- Release poster
- Genre: Period drama
- Based on: The Other Bennet Sister by Janice Hadlow
- Written by: Sarah Quintrell; Maddie Dai;
- Directed by: Jennifer Sheridan; Asim Abbasi;
- Starring: Ella Bruccoleri; Ruth Jones; Richard E. Grant; Maddie Close; Poppy Gilbert; Grace Hogg-Robinson; Molly Wright; Indira Varma; Richard Coyle; Dónal Finn; Laurie Davidson; Lucy Briers; Tanya Reynolds; Varada Sethu;
- Composer: Anne Chmelewsky
- Country of origin: United Kingdom
- Original language: English
- No. of series: 1
- No. of episodes: 10

Production
- Executive producers: Janice Hadlow; Sarah Quintrell; Dan McCulloch; Kate Crowther; Becca Kinder; Jane Tranter; Rebecca Ferguson; Jess O'Riordan;
- Producer: John Pocock
- Cinematography: Luke Bryant; Simona Susnea;
- Editors: Sara Jones; Rebecca Trotman; Lucy Harris; Emily Lawrence;
- Running time: 30 mins.
- Production companies: Bad Wolf; Sony Pictures Television;

Original release
- Network: BBC One
- Release: 15 March 2026 – present

= The Other Bennet Sister =

2026 British television series

The Other Bennet Sister is a British period drama television series produced by Bad Wolf for BBC One.
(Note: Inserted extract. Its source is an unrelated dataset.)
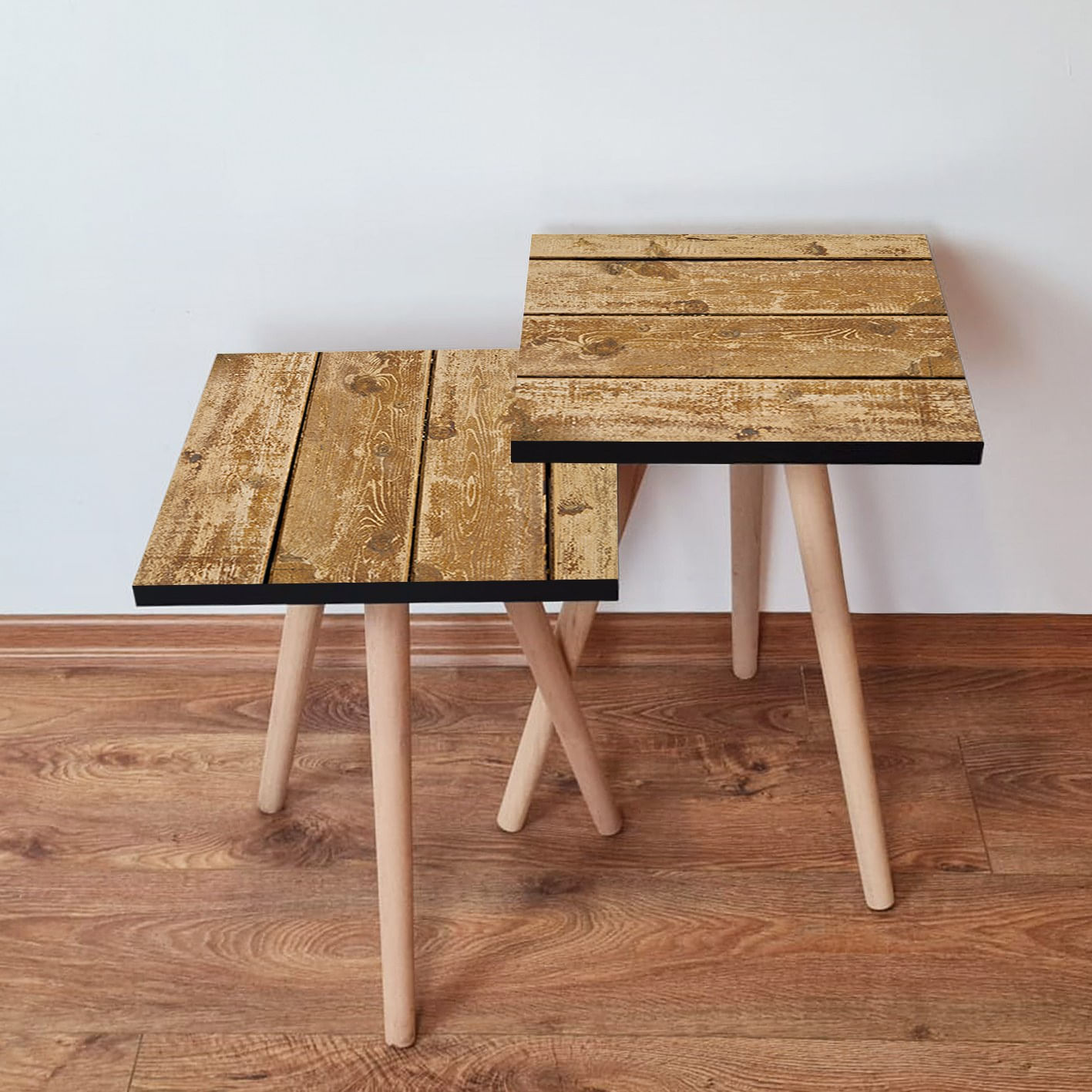 Set masute cuib, Hanah Home, mdf, camel, 35x35x47 cm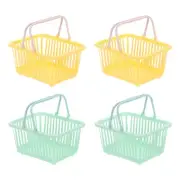 4PCS Mini Shopping Baskets with Handles Small Tiny Baskets, Yellow Green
It is an adaptation of the novel of the same name by Janice Hadlow, a continuation of Jane Austen's Pride and Prejudice, and follows Ella Bruccoleri as Mary Bennet, Dónal Finn as Mr Hayward and Laurie Davidson as Mr Ryder. Other cast members include Ruth Jones and Richard E. Grant as Mrs and Mr Bennet. The series premiered on 15 March 2026. In June 2026, a three-part Christmas special was announced.

==Premise==
The first two episodes of the series detail the events of Pride and Prejudice from the point of view of Mary Bennet, the overlooked sister from the large Bennet family. The rest of the story follows Mary as she travels to London and the Lake District on a journey of self-discovery and romance.

==Cast and characters==
=== Main ===

- Ella Bruccoleri as Mary Bennet
- Ruth Jones as Mrs Bennet
- Richard E. Grant as Mr Bennet
- Maddie Close as Jane Bingley (née Bennet)
- Poppy Gilbert as Elizabeth Darcy (née Bennet)
- Grace Hogg-Robinson as Lydia Wickham (née Bennet)
- Molly Wright as Kitty Buncock (née Bennet)
- Indira Varma as Mrs Gardiner
- Richard Coyle as Mr Gardiner
- Dónal Finn as Thomas Hayward
- Laurie Davidson as William Ryder
- Lucy Briers as Mrs Hill
- Tanya Reynolds as Caroline Bingley
- Varada Sethu as Ann Baxter

=== Recurring ===
- Victor Pilard as Fitzwilliam Darcy
- Aled Owens as Charles Bingley
- Aaron Gill as John Sparrow
- Ryan Sampson as Mr Collins
- Anna Fenton-Garvey as Charlotte Collins (née Lucas)
- Lucinda Dryzek as Louisa Hurst (née Bingley)
- Róisín Bhalla as Marianne Gardiner
- Reggie Absolom as George Gardiner
- Jasmine Sharp as Rebecca Gardiner
- Fergus Craig as Mr Hurst
- Seán Carlsen as Sir William Lucas
- Jethro Weyman as Gardiner Servant

==Production==
=== Development ===
The ten-part series is adapted by Sarah Quintrell from the 2020 novel of the same name by Janice Hadlow, based around the character Mary Bennet from the Jane Austen novel Pride and Prejudice, with Maddie Dai also writing an episode. It is lead directed by Jennifer Sheridan.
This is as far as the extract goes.